*Records for processing*
────

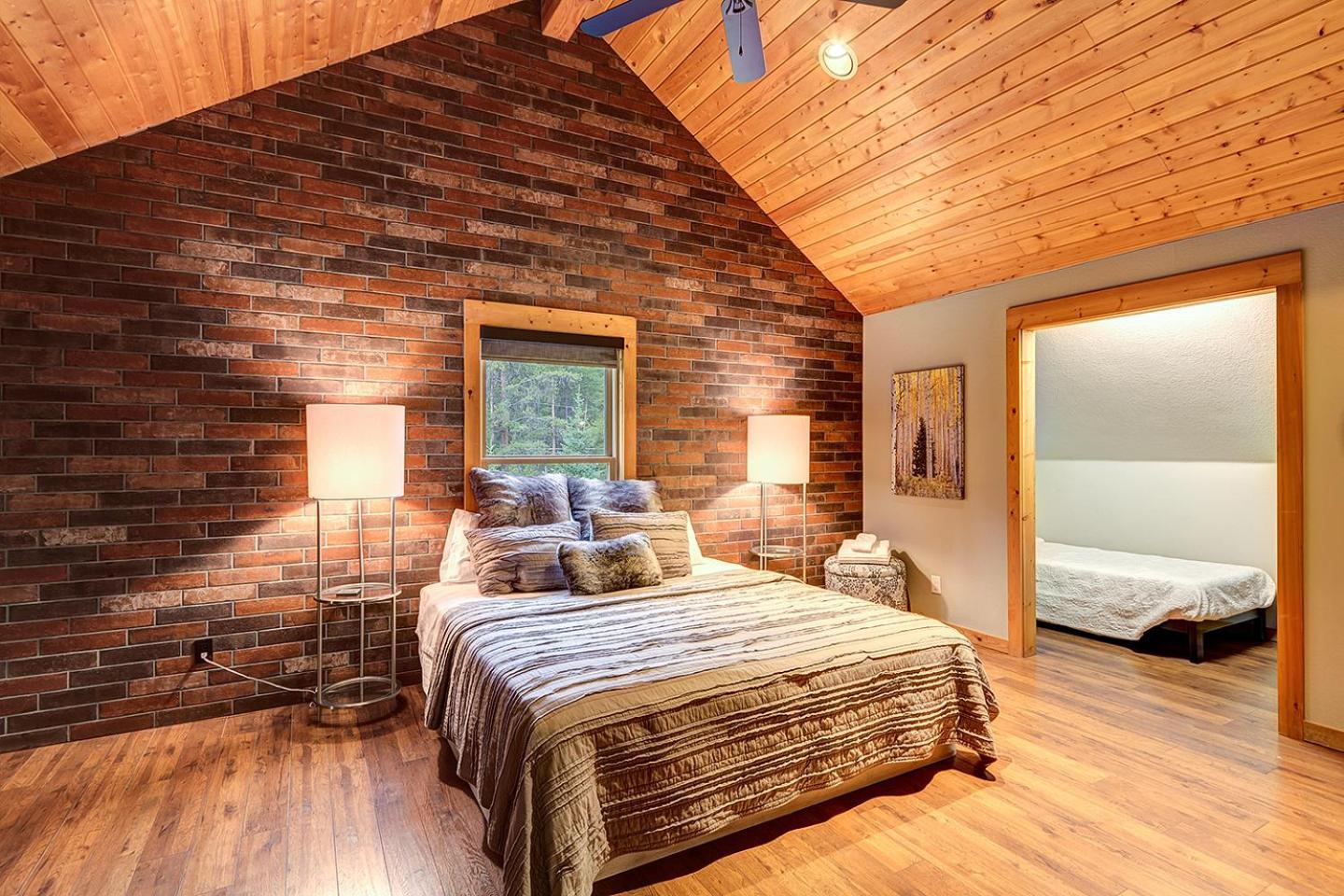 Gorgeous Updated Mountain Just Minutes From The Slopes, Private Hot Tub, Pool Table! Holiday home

────

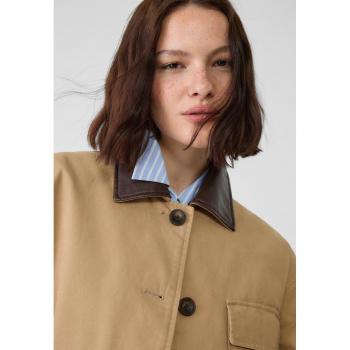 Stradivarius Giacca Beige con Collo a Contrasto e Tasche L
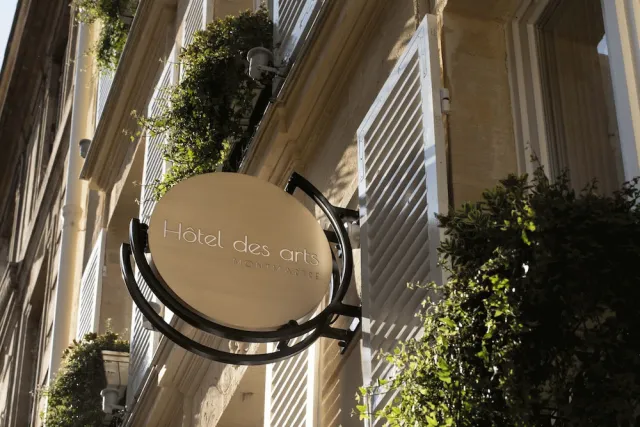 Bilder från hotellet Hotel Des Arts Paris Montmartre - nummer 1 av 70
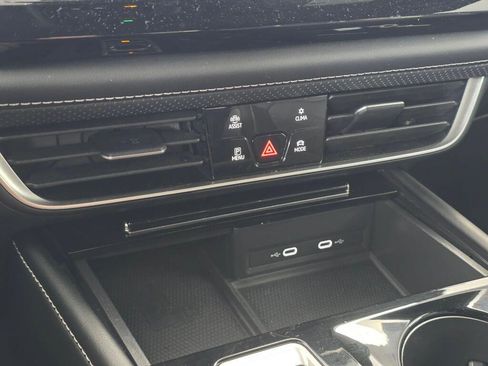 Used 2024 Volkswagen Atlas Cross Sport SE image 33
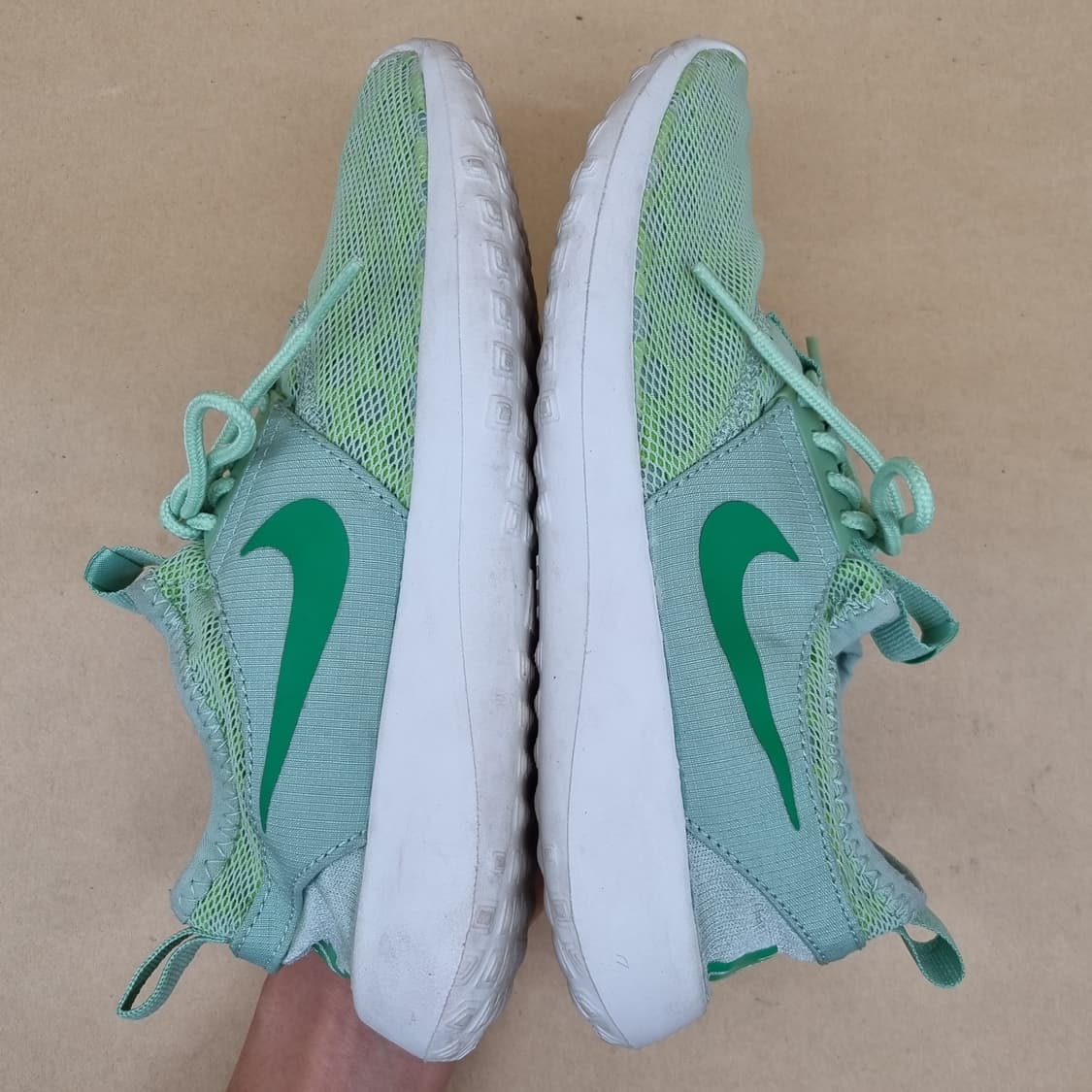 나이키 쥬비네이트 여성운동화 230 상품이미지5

────

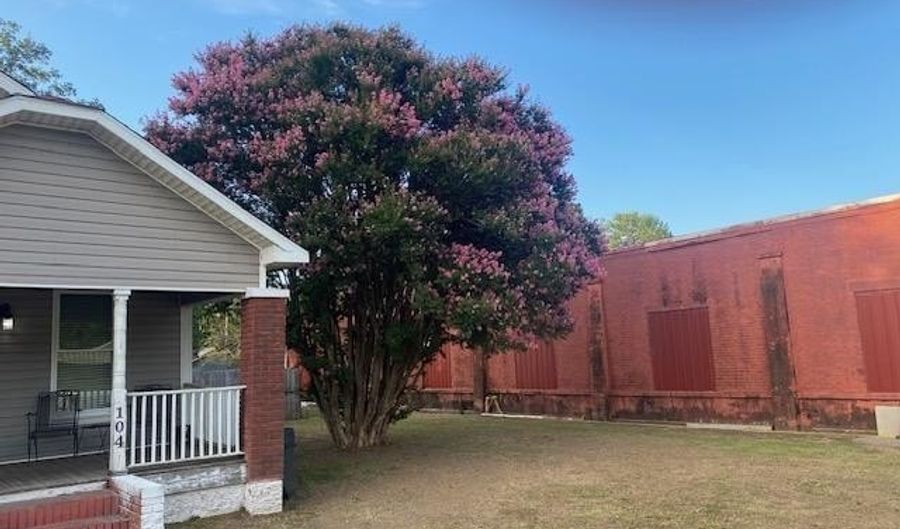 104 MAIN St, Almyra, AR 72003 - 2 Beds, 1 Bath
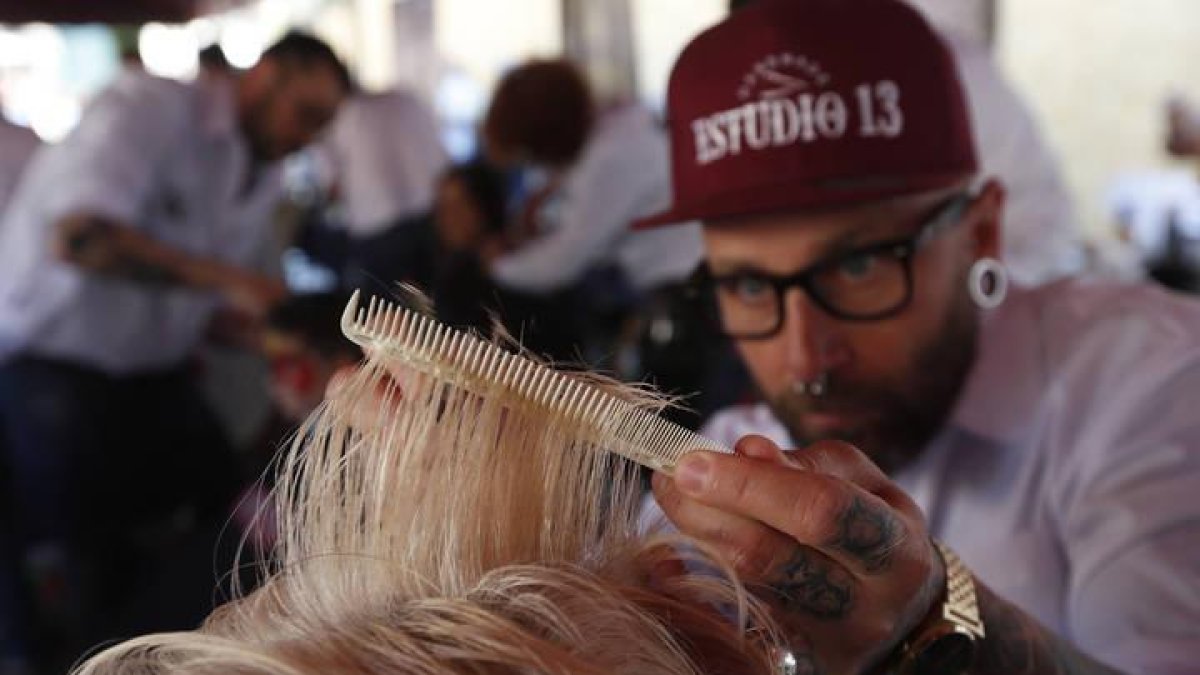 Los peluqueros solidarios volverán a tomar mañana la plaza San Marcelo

────

*What you need to do*
Would you write out exactly the lines above, starting at the line containing "Bilder från hotellet" and stopping after the line containing "나이키 쥬비네이트 여성운동화 230 상품이미지5"? Omit the pictures.

*Task response*
 Bilder från hotellet Hotel Des Arts Paris Montmartre - nummer 1 av 70
 Used 2024 Volkswagen Atlas Cross Sport SE image 33
 나이키 쥬비네이트 여성운동화 230 상품이미지5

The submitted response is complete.